One Square Mile
Speaking on Saturday at the National Governors Association Summer Meeting in Rhode Island, Elon Musk told his audience — including 30 United States governors — that it's possible to power the nation with solar energy.
“If you wanted to power the entire U.S. with solar panels, it would take a fairly small corner of Nevada or Texas or Utah; you only need about 100 miles by 100 miles of solar panels to power the entire United States,” Musk said. “The batteries you need to store the energy, to make sure you have 24/7 power, is 1 mile by 1 mile. One square-mile. That's it.”
Why solar? Well, as Musk explained, as far as energy sources go, we can count on solar to come through for us: “People talk about fusion and all that, but the sun is a giant fusion reactor in the sky. It’s really reliable. It comes up every day. If it doesn’t we’ve got bigger problems.”
At present, about 10 percent of the U.S. is powered by renewable energy sources. To achieve a complete renewable energy power, Musk thinks solar is the way to go.
To start, he suggested combining rooftop solar and utility-scale solar plants. The former would be on the rooftops of houses in the suburbs, while the latter could power other areas. As we've seen with Tesla's new rooftop solar unit, and efforts in other countries, like Australia, to build large-scale solar plants, this is a goal well within reach.
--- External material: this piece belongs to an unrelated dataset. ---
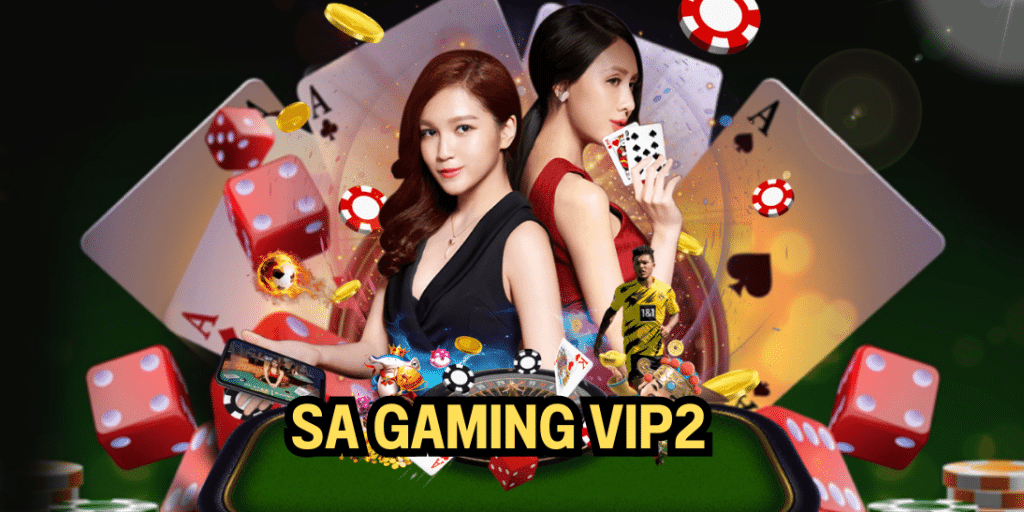 sa gaming vip2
Next, while in transition from fossil fuel to solar, it'd be necessary to rely on other renewables. “We’ll need to be a combination of utility-scale solar and rooftop solar, combined with wind, geothermal, hydro, probably some nuclear for a while, in order to transition to a sustainable situation,” Musk explained.
Finally, the U.S. has to build more localized power sources, like the rooftop solar setups. “People do not like transmission lines going through their neighborhood, they really don’t like that, and I agree,” Musk said. “Rooftop solar, utility solar; that’s really going to be a solution from the physics standpoint. I can really see another way to really do it.”
When this happens, the U.S. would eliminate about 1,821 million metric tons of carbon dioxide (CO2) emissions generated by the country's current electric power sector — 35 percent of the overall CO2 energy-related emissions in the U.S.